For clearing members, the proposed Regulation supplements the European Markets and Infrastructure Regulation (EMIR) – which establishes minimum capital requirements and the ‘default waterfall’ for CCPs - by setting out the powers of a CCP resolution authority to allocate the losses or positions of a CCP in resolution to its clearing members, including by:

  • Voluntary auctions or forced allocations of the positions of defaulting clearing members to the remaining members;
  • Imposing haircuts on outgoing variation margin payments; and
  • Making a ‘resolution cash call’, up to an amount equivalent to each members’ contribution to the default fund of the CCP (this would be additional to the default fund itself).

In addition, shareholders of the CCP could have the value of their shareholdings written off in a resolution, while bond holders and senior unsecured creditors could be subject to either the writing-down of the value of their claims or the conversion of these claims into new equity of the CCP.


The proposed Regulation applies to all EU CCPs and to their clearing members.


Although the Regulation applies to all CCPs there is scope for some proportionality through the development of recovery and resolution plans that are specific to each CCP.

Resolution authority and college

A resolution authority has to be appointed for each CCP, and to be granted the resolution powers outlined below. The Regulation does not specify who this should be – as with banks, it could be a central bank, a supervisor or a stand-alone authority.

There should also be a resolution college for each EU CCP, to discuss the recovery and resolution plans for the CCP. These colleges will have a very wide membership, which must call into question the operating effectiveness of each college – under the proposed Regulation the membership should include the resolution authority; the supervisors of the CCP; the supervisors and resolution authorities of the CCP’s clearing members; the supervisors of securities depositories linked to the CCP and of trading venues served by the CCP; the relevant central bank(s) depending on the currencies in which the CCP operates; ESMA and EBA (on a non-voting basis, to monitor how well the college is working); and the Ministry of Finance.

Recovery plans

Each CCP should develop a recovery plan. This should take account of a range of severe but plausible adverse shocks, include a range of recovery actions, and establish a set of ‘trigger’ events with corresponding presumptive recovery options. The recovery actions should include plans to raise new equity, sell non-core business lines, cash calls from clearing members, book re-matching, voluntary auctions of defaulters’ positions to remaining members, and haircuts on variation margins.

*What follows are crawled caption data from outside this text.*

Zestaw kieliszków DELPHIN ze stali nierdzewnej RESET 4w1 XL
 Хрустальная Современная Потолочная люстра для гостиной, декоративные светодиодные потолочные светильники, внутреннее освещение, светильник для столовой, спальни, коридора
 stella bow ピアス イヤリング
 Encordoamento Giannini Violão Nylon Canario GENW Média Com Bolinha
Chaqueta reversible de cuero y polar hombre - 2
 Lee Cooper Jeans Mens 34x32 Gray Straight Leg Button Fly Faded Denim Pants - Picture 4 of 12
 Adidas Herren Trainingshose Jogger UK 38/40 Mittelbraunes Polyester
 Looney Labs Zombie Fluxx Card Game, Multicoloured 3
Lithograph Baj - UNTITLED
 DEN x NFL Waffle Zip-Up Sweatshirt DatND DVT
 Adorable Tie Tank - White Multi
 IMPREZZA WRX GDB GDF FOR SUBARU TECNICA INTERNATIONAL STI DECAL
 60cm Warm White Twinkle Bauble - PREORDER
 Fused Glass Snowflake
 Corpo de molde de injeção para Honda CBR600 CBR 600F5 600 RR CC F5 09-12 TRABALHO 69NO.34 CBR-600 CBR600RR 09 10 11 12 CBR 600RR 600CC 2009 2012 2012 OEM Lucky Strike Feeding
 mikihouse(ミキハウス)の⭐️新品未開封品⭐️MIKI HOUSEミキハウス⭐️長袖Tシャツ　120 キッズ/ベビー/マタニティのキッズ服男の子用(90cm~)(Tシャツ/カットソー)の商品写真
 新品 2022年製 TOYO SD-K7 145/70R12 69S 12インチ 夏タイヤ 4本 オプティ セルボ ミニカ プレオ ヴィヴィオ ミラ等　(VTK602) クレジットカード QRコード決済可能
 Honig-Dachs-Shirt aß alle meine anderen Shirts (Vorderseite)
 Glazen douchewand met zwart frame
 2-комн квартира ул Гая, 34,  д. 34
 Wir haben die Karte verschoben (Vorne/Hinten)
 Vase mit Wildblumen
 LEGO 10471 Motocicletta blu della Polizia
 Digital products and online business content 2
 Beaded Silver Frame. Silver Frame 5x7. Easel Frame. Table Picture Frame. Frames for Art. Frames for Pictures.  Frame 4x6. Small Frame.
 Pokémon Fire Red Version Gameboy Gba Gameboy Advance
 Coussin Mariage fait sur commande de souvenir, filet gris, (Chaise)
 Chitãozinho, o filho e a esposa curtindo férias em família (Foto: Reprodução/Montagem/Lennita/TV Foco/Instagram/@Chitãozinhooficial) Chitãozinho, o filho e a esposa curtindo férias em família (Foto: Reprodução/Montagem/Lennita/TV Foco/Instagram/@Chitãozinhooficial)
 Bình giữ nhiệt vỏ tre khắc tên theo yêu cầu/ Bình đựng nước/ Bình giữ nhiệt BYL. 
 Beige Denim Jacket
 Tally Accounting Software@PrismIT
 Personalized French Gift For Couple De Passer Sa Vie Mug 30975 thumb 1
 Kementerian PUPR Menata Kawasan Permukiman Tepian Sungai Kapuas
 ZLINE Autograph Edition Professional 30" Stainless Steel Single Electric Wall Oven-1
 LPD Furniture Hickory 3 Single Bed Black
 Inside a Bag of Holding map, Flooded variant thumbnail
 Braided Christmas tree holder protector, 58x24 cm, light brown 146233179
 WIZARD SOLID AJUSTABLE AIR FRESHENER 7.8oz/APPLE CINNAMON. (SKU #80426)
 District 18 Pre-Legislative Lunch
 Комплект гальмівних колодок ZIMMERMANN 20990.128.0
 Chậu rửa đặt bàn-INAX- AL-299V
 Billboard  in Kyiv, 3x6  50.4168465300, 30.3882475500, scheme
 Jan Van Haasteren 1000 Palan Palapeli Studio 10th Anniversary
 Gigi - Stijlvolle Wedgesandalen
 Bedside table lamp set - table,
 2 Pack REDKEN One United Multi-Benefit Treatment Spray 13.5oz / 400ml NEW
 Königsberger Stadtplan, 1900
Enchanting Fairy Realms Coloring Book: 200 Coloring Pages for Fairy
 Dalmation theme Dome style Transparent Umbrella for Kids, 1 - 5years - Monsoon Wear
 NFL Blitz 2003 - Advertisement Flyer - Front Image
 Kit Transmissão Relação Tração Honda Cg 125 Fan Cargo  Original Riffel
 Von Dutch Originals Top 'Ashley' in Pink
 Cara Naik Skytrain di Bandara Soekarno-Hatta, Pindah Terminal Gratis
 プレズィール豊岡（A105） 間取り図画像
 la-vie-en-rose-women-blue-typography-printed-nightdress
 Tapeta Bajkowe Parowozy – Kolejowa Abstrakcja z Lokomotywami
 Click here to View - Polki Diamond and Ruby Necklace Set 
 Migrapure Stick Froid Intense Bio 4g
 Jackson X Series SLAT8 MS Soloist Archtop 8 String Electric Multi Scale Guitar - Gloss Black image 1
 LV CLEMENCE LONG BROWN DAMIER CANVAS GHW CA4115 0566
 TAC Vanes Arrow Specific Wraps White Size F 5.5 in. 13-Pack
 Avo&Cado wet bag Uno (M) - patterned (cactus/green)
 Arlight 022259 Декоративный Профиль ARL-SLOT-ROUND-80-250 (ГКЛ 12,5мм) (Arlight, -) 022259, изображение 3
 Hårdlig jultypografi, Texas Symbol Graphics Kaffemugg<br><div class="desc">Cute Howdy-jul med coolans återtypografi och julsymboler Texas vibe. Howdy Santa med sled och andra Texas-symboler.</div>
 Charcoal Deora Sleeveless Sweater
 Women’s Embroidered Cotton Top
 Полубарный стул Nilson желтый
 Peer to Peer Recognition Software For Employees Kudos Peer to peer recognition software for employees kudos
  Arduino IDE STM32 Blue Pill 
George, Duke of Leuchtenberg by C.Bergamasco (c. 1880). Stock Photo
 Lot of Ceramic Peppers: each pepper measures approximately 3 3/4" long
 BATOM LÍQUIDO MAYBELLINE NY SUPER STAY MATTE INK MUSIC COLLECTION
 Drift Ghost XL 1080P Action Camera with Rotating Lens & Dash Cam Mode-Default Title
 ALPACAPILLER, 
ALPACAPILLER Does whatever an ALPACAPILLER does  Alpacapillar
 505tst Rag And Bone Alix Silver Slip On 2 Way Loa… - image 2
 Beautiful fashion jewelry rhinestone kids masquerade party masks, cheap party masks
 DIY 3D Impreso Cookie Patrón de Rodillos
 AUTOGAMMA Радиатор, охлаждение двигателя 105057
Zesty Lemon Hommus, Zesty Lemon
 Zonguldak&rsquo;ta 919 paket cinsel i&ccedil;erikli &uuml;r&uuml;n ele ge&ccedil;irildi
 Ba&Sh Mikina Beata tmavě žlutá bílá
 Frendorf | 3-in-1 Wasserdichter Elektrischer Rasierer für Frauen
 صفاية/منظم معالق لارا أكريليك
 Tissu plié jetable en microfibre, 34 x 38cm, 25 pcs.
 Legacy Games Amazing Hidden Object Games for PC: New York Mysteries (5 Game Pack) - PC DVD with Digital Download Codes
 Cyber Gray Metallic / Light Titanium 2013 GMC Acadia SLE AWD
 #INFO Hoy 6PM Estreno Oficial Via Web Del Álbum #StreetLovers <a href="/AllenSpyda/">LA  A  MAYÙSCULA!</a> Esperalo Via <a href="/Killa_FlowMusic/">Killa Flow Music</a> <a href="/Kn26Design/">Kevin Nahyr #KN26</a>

The CCP should ensure in advance that these actions would be binding in other countries, where relevant. Recovery options should therefore constitute contractual obligations under the law of the country in which the CCP is established, or enforceable under the law of a third country.

The supervisor of the CCP then undertakes an assessment of the recovery plan, to determine whether it is credible and feasible. Under the proposed Regulation the supervisor would have the power to require a CCP to amend its recovery plan and, if necessary, to require fundamental up-front changes to the organisational and legal structure, contractual terms, and resourcing and capital strength of the CCP.

Resolution plans

Resolution plans will be drawn up by the resolution authority, based on information provided by each CCP. The resolution authority will undertake a resolvability assessment; consider how any impediments to an effective and orderly resolution could be removed or addressed; and will have the power to require a CCP to make up-front changes to facilitate its resolvability.

Early intervention powers

Supervisors of CCPs will have early intervention powers, including the power to require a CCP to trigger elements of its recovery plan, and the power to remove all or some of the senior management and Board of a CCP and to replace them with new senior management or Board.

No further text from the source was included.